In the data below, find the line containing "A day in the beach Mug" and the line containing "Livro A Thousand", then reproduce them and every line between, exactly. Omit pictures.

DATA UNDER STUDY
============================================================

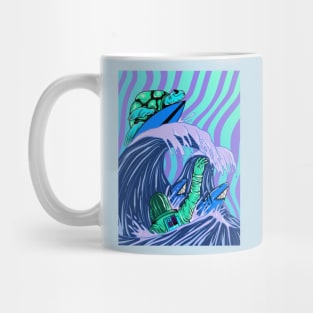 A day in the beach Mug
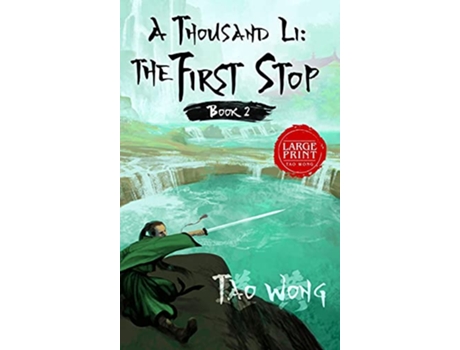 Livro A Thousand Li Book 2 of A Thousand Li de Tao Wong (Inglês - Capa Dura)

============================================================

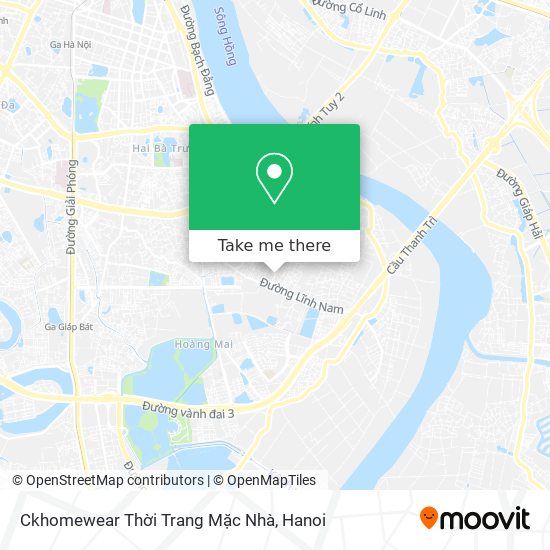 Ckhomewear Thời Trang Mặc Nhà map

============================================================

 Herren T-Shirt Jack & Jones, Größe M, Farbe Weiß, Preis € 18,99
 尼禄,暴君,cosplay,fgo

============================================================

REPLY
 A day in the beach Mug
 Livro A Thousand Li Book 2 of A Thousand Li de Tao Wong (Inglês - Capa Dura)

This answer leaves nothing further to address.